▸ Records for this task:
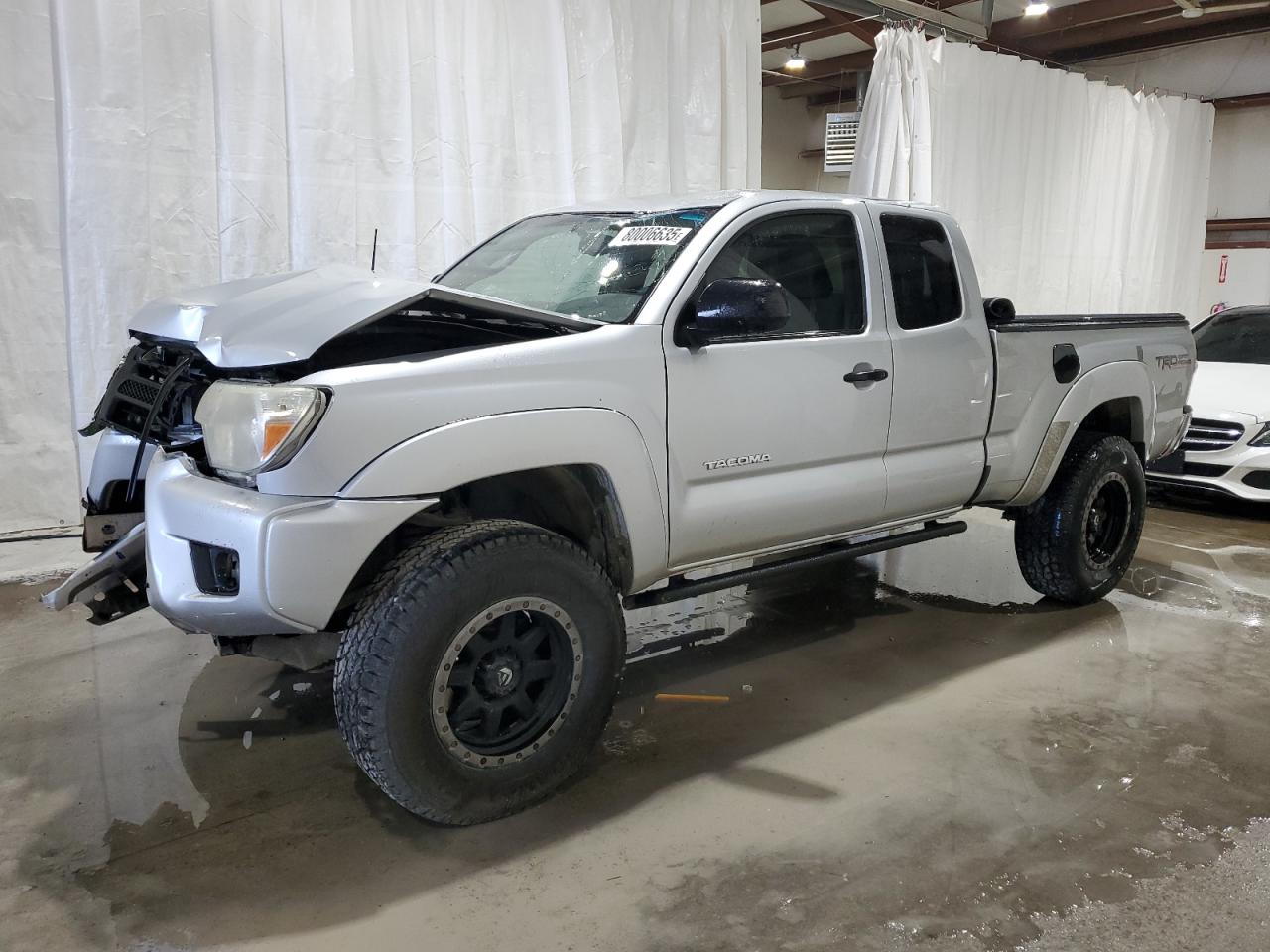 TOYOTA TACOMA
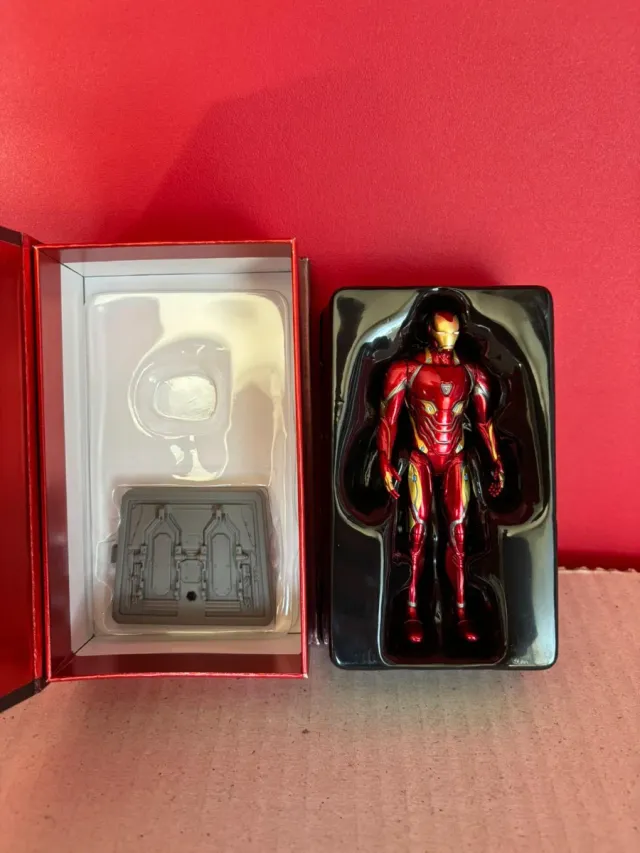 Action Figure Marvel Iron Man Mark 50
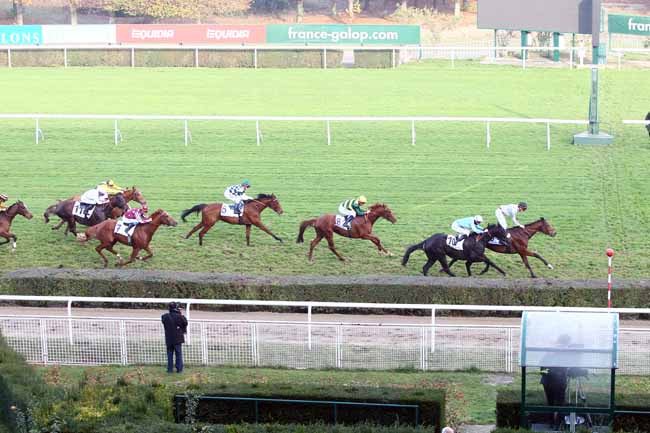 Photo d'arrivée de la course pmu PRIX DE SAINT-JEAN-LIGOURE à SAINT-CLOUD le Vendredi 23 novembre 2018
---
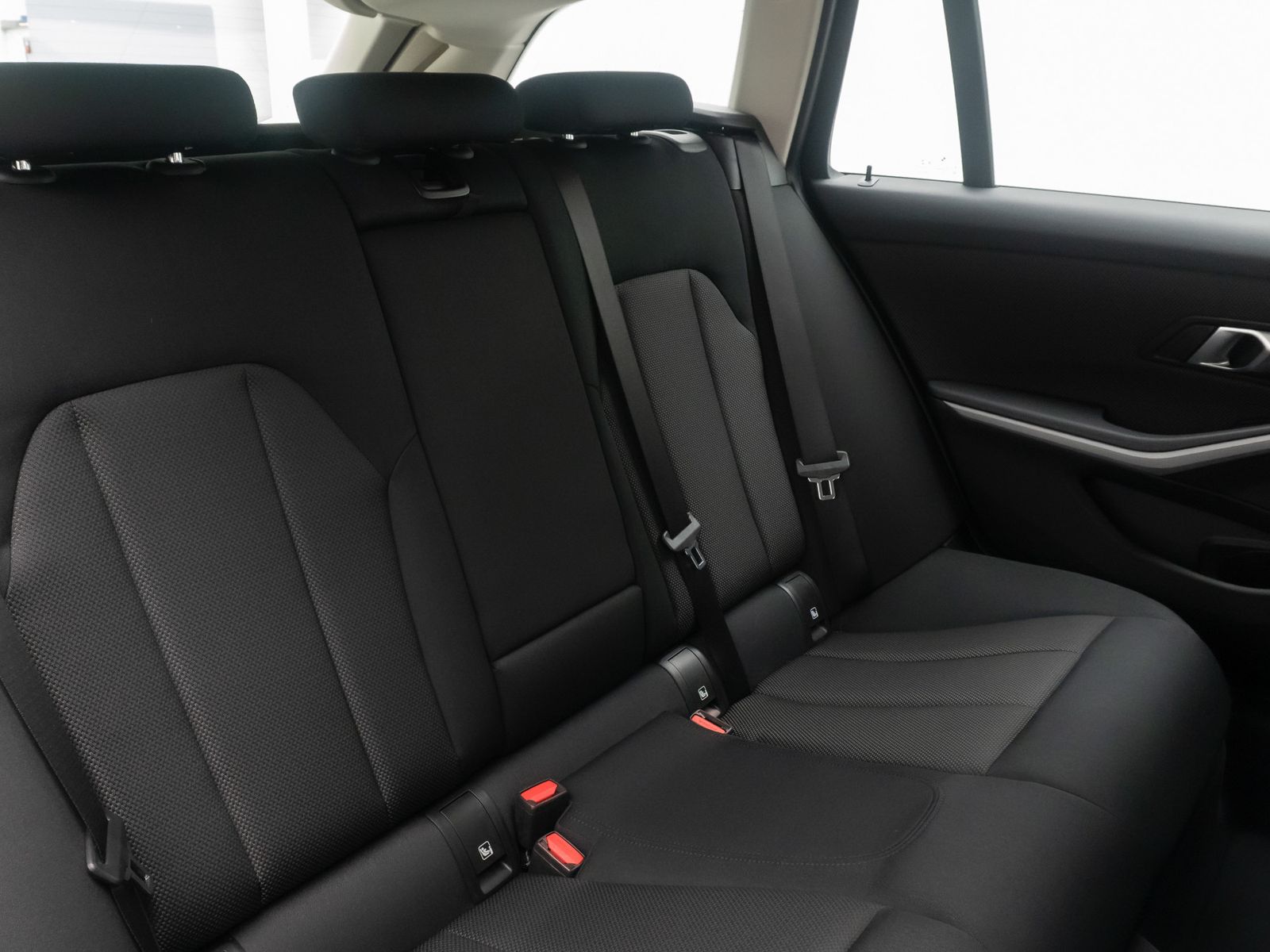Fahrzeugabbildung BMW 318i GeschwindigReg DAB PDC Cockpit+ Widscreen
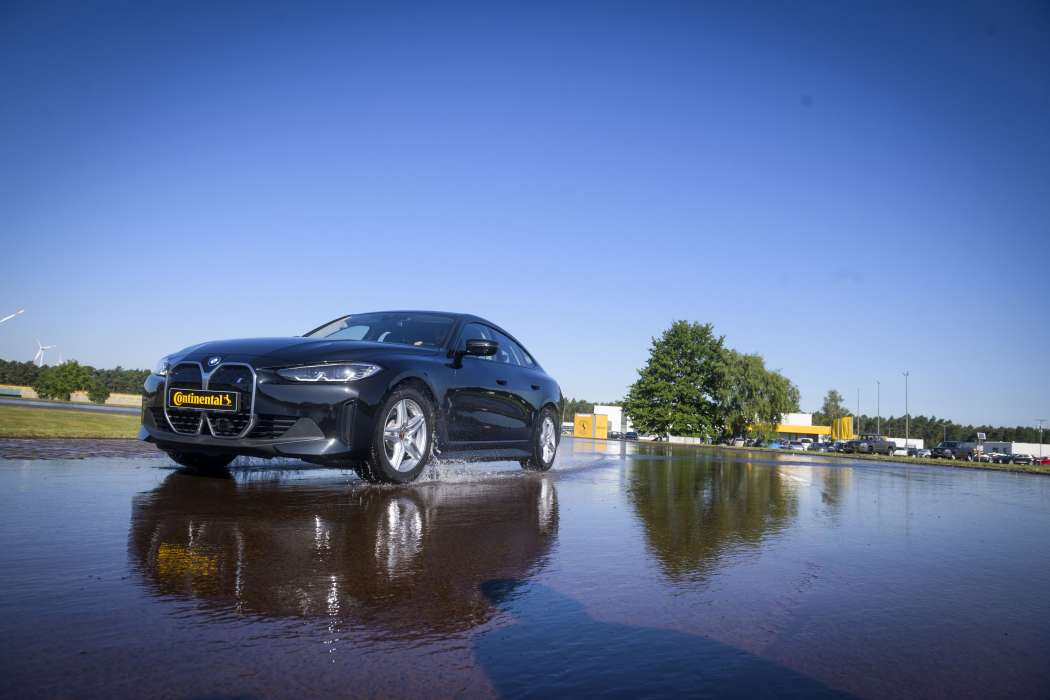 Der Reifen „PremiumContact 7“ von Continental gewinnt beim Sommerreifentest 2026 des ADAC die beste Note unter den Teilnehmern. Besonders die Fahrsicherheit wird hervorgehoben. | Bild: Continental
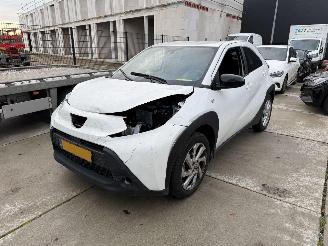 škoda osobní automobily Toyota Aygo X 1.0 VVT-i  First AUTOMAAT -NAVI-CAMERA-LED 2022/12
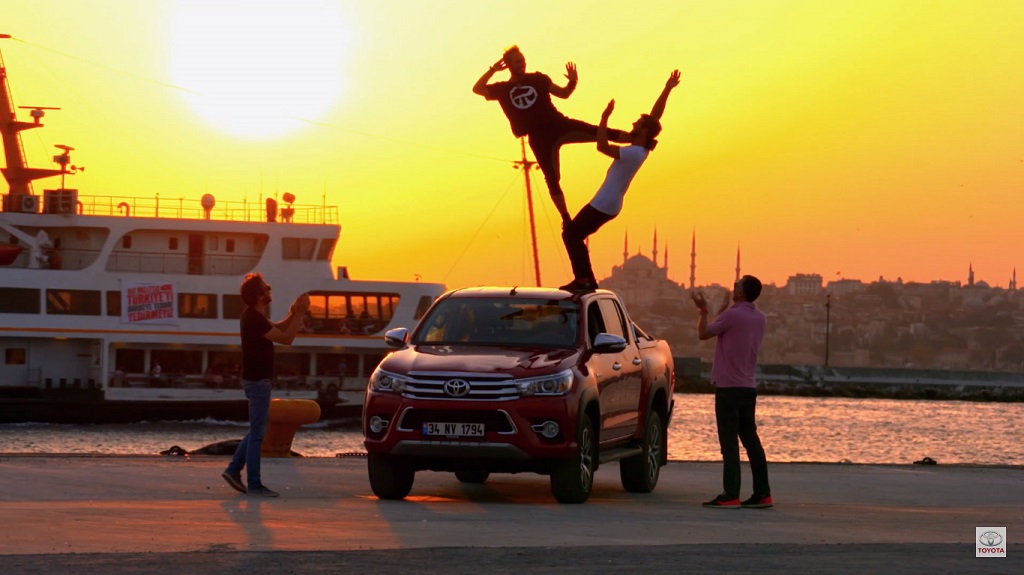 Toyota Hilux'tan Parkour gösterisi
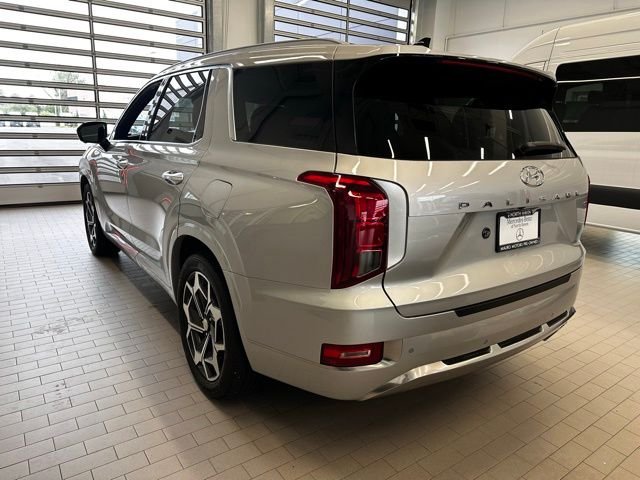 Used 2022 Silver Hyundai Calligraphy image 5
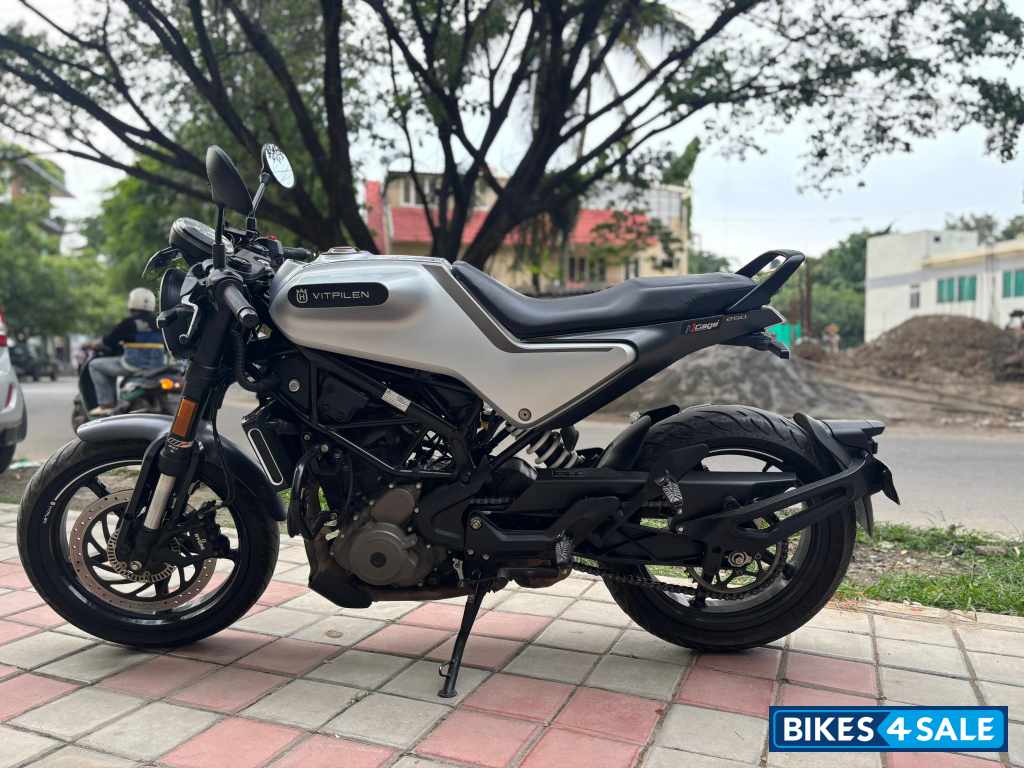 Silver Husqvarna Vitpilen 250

▸ Problem: Would you write out exactly the lines above, starting at the line containing "škoda osobní automobily" and stopping after the line containing "Silver Husqvarna Vitpilen 250"? Omit the pictures.

▸ Your response:
 škoda osobní automobily Toyota Aygo X 1.0 VVT-i  First AUTOMAAT -NAVI-CAMERA-LED 2022/12
 Toyota Hilux'tan Parkour gösterisi
 Used 2022 Silver Hyundai Calligraphy image 5
 Silver Husqvarna Vitpilen 250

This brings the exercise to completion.